Non-QM loans are defined as home loans that do not comply with the specific rules and prohibitions set by the Consumer Financial Protection Bureau (CFPB) for Qualified Mortgages. While QM standards were designed to provide safer loans, their strict requirements can unintentionally exclude highly solvent borrowers whose finances do not fit the conventional mold. Such loans fit borrowers with pristine credit and a strong financial profile.
Key Indicators of Borrower Quality:
The primary driver for high-credit, high-asset individuals utilizing Non-QM loans is often the inability to verify income using the standardized documentation (W-2s, pay stubs, tax returns) required for QM loans.
1. Self-Employed and Gig Economy Workers
High-income self-employed individuals, independent contractors, entrepreneurs, and small business owners frequently rely on Non-QM financing.
2. High-Asset, Limited Income Borrowers (Asset Qualifiers)
Retired professionals and high-net-worth individuals often have substantial investment portfolios but little or no verifiable monthly income via traditional sources.
A financially strong borrower may seek a Non-QM loan because they desire specific loan features that are explicitly prohibited or restricted under QM rules.
| Feature | QM Restriction | Non-QM Allowance |
| Interest-Only (IO) Payments | QM loans cannot have risky loan features such as interest-only payments. | IO loans are common Non-QM features, often sought by prime borrowers. IO loans can help manage retirement cash flow. |
| High Debt-to-Income (DTI) Ratio | QM loans generally require the borrower’s DTI ratio to be 43% or less. | Non-QM loans often allow higher DTI ratios, typically limited to 50%, or even up to 55% in certain premium programs. |
| Loan Size (Jumbo Loans) | Conforming QM loans are constrained by GSE loan limits. | Non-QM loans have no loan limit caps. Jumbo loan borrowers often rely on Non-QM products. For example, some programs offer loans up to $5,000,000. |
| Loan Term | QM loans cannot have terms beyond 30 years. | Non-QM products may offer 40-year fixed terms or 40-year fixed interest-only options. |
Even with pristine credit, using a Non-QM program means adhering to certain risk mitigation criteria set by the lender:
Non-QM loans typically have higher interest rates than comparable QM loans, which compensates the lender for the perceived risk associated with the flexible underwriting. In 2024, the average initial 30-year interest rate for Non-QM loans was 6.7%, compared to 6.4% for qualified mortgages.
Non-QM loans have shown historically low delinquency rates, comparable to those of QM loans.
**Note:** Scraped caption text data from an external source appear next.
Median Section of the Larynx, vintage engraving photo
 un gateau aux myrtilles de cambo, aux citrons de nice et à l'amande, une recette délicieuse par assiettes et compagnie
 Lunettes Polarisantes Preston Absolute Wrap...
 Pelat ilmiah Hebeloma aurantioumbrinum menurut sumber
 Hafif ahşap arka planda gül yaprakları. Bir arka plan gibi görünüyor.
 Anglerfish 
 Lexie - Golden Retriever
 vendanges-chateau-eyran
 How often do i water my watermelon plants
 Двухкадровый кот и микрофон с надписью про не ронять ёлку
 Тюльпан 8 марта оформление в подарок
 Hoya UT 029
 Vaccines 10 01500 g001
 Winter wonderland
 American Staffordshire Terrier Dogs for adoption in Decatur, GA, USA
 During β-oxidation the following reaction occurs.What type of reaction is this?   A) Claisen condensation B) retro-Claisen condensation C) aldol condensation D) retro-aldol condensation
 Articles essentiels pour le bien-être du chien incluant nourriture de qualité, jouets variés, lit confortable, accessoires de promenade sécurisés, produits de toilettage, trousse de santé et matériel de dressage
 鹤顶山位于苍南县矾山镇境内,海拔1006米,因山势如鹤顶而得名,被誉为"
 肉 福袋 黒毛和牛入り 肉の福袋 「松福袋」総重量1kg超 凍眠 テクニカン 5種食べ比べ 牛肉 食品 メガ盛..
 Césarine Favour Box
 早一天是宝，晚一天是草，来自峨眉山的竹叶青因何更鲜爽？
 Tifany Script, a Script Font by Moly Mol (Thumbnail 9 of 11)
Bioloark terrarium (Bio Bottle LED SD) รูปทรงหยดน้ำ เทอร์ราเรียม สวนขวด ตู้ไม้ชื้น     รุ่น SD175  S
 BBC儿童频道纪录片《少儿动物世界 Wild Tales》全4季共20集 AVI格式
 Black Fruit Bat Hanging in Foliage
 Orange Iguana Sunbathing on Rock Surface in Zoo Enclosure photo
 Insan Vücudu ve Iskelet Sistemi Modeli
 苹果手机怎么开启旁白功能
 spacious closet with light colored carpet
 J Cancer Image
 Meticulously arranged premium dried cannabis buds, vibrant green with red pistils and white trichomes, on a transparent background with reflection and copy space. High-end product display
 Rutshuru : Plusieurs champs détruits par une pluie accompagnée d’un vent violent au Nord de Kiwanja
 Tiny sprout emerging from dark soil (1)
For loans originated in 2023, both Non-QM and QM loans remained at the lowest levels since at least 2001, both at 0.3%.
Lenders generally compensate for the risks associated with limited documentation or high DTI ratios by focusing on borrowers with higher credit scores and lower Loan-to-Value (LTV) ratios.
Self-employed borrowers who utilize significant tax write-offs can qualify using 12 or 24 months of their personal or business bank statements to document their actual cash flow, rather than their low taxable income reported on tax returns.
Qualified Mortgages (QM) typically limit the borrower’s DTI ratio to 43% or less. In contrast, Non-QM programs often allow borrowers to carry higher levels of debt, typically up to 50% of their total monthly income.
Interest-only (IO) payments are explicitly prohibited under the Dodd-Frank Act’s mandates for Qualified Mortgages. IO loans accounted for 17% of the reasons Non-QM loans did not meet QM standards in 2024.
The Asset Depletion mortgage, also known as an Asset Qualifier loan, calculates an imputed monthly income using the borrower’s savings, investments, and retirement accounts for qualifying purposes.
These borrowers often need Non-QM solutions because their portfolio-based income is difficult to verify under traditional lending guidelines, which rely on W-2s, tax returns, or employment verification. Non-QM loans are specifically designed for borrowers with significant assets but limited income.
In 2024, the average credit score for Non-QM borrowers was 776, which is comparable to the 781 average for conventional QM borrowers.
Prime non-QM borrowers are individuals with pristine credit and substantial assets or income who are seeking specific loan features, such as interest-only payments or a DTI limit above the standard 43%. These borrowers may have significant income or assets but do not meet the stringent underwriting standards of Qualified Mortgages (QM).